Xavier Díez de Urdanivia

¿Tiene la iniciativa de reforma electoral que ha mandado apenas AMLO al Congreso de la Unión el fracaso por destino, como algunos se han apresurado en pronosticar?

Las apariencias engañan, y eso parece que ocurre en este caso.

A golpe de vista y teniendo en cuenta el contexto, puede constatarse que, en primer lugar, las baterías están dirigidas a la desaparición del INE tal cual está diseñado, propósito confeso del Presidente desde su contrariedad causada por el apego de ese Instituto a la ley –y, por lo tanto, desapego al capricho presidencial– al organizar y desarrollar el desaseado proceso de consulta relativa a la “Revocación de Mandato”, aprovechando el viaje para desactivar los controles electorales que con la creación de ese Instituto y el sistema que en torno a la idea que lo generó se ha procreado.

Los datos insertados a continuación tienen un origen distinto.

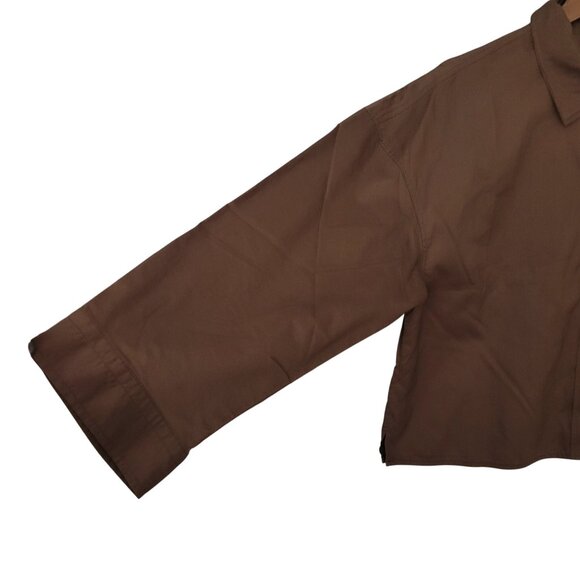 Everlane Woven Cropped Pajama Top Womens Size S Chestnut Boxy Loungewear NWT - Picture 3 of 7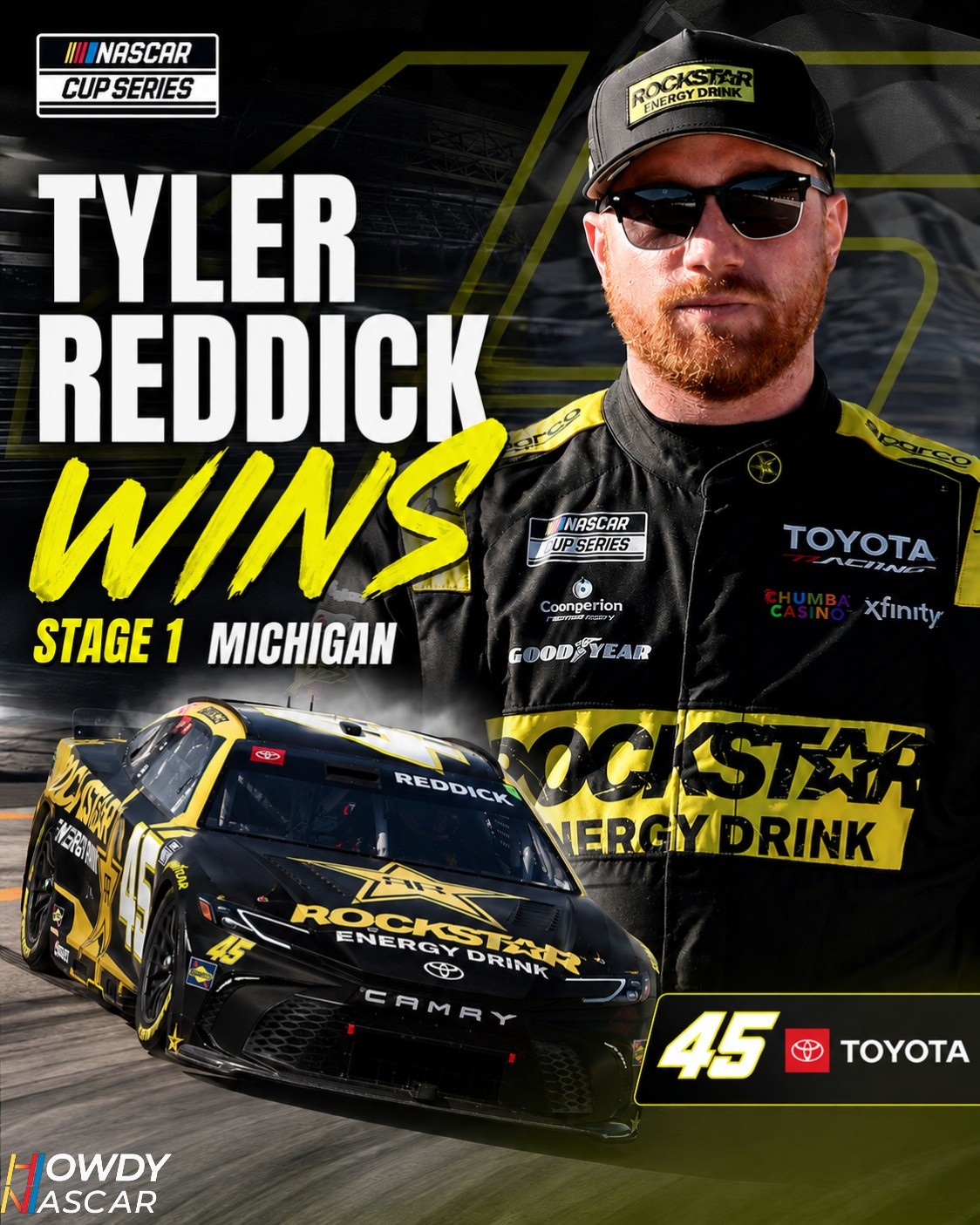 Tyler Reddick wins the Stage 1 of the Firekeepers Casino 400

De esa manera, no solo se eliminaría un factor de amenaza que tal organismo autónomo implica para la fluidez y eficacia de las determinaciones presidenciales, sino que se reforzaría el control central de los procesos electorales, plebiscitarios y refrendarios, con todas las consecuencias que ello implica.

AMLO está consciente de la dificultad que una reforma tal, que requiere enmiendas constitucionales, pase indemne por el proceso legislativo, especialmente cuando acaba de experimentar el rechazo a la iniciativa en materia de electricidad, que condujo, incluso, a la absurda y burda acusación de traición a la patria de quienes votaron en contra.

Para paliar esos riesgos, su iniciativa tendría que contener algunos elementos de negociación suficientemente atractivos como para que los partidos de oposición se prestaran a negociar.

Hete ahí que hay dos elementos que, a simple vista, podrían estar pensados para cumplir con esa función.

Uno es la aparente desaparición de la representación proporcional, desapareciendo a los representantes plurinominales, reduciendo sus números, incluso en la integración de los ayuntamientos. Falso: lo que desaparece es la representación por mayoría relativa, basada en distritos electorales, mientras se refuerza la representación proporcional, que se conoce como representación pura, en la que los partidos políticos presentarán listas y obtendrán una representación equivalente al porcentaje de votos que en los comicios obtengan.

El sistema propuesto es ventajoso para las cúspides de los partidos, que serían las que determinaran quienes quedarían incluidos en las listas, así como el orden en que lo harían.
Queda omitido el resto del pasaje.